Klingbeil-Vorstoß

Mindestlohn statt Gender-Debatten

von Redaktion

VON SEBASTIAN HORSCH

Gerade scheint der Zwist ums Heizgesetz halbwegs beigelegt, da tut sich schon der nächste Ampel-Streit auf. Die SPD will den umstrittenen Beschluss der Mindestlohnkommission auf eine Untergrenze von 12,41 Euro nicht akzeptieren. Stolze 14 Euro erklärt Parteichef Lars Klingbeil stattdessen zum Ziel. Mit der FDP, die traditionell auf die Wirtschaft schaut, kaum zu machen.

In dieser Frage sind die Sympathien natürlich schnell verteilt. Alles wird teurer, also brauchen auch alle mehr Geld – und das gibt‘s von der SPD. Dass der Staat allerdings viel falsch machen kann, wenn er sich einmischt, wird leicht übersehen. Ein zu hoher Mindestlohn bedeutet ja nicht nur höhere Gehälter am unteren Ende, er hat auch höhere Preise für alle zur Folge, weil die Kosten für Dienstleistungen steigen – und das in Inflationszeiten. Auch kann ein zu hoher Mindestlohn junge Menschen von der Ausbildung fernhalten, da sie auch in ungelernten Jobs gut verdienen können. Gerade mit Blick auf den Fachkräftemangel kann das zum Problem werden.

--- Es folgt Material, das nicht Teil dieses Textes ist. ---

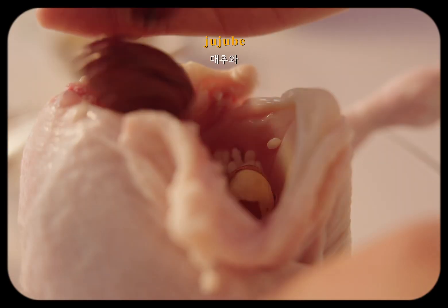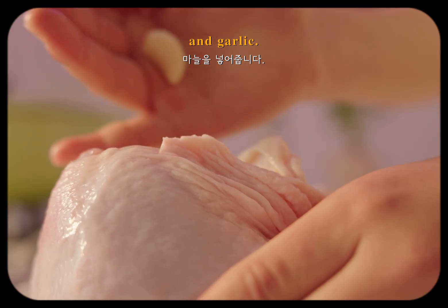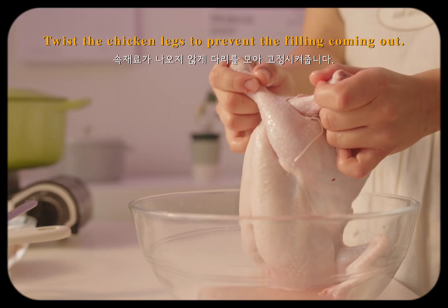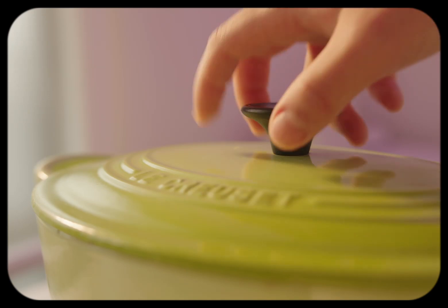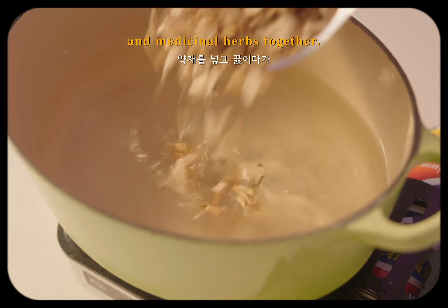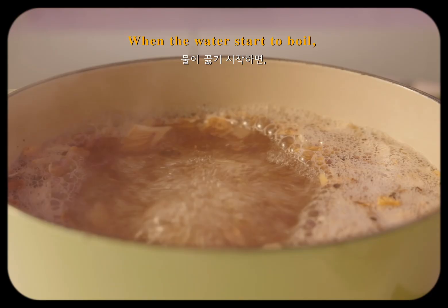I'll come back to the kitchen, and I see that the kitchen is empty. I'm gonna use the kitchen oven to just leave it for a time. I think it's best.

Doch selbst wenn die Sache also nicht so einfach ist, ist Klingbeils Vorstoß politisch klug. Genau hier, bei den Themen der sprichwörtlichen kleinen Leute, haben die Sozialdemokraten in der Vergangenheit Boden verloren – auch an die AfD. Genau hier, kann die SPD aber auch wieder Wähler zurückholen, wenn sie sich glaubhaft für deren Interessen einsetzt. Dass das mit abgehobenen Gender- und Gesellschafts-Debatten kaum gelingt, hat Klingbeil wohl besser verstanden als andere in seiner Partei.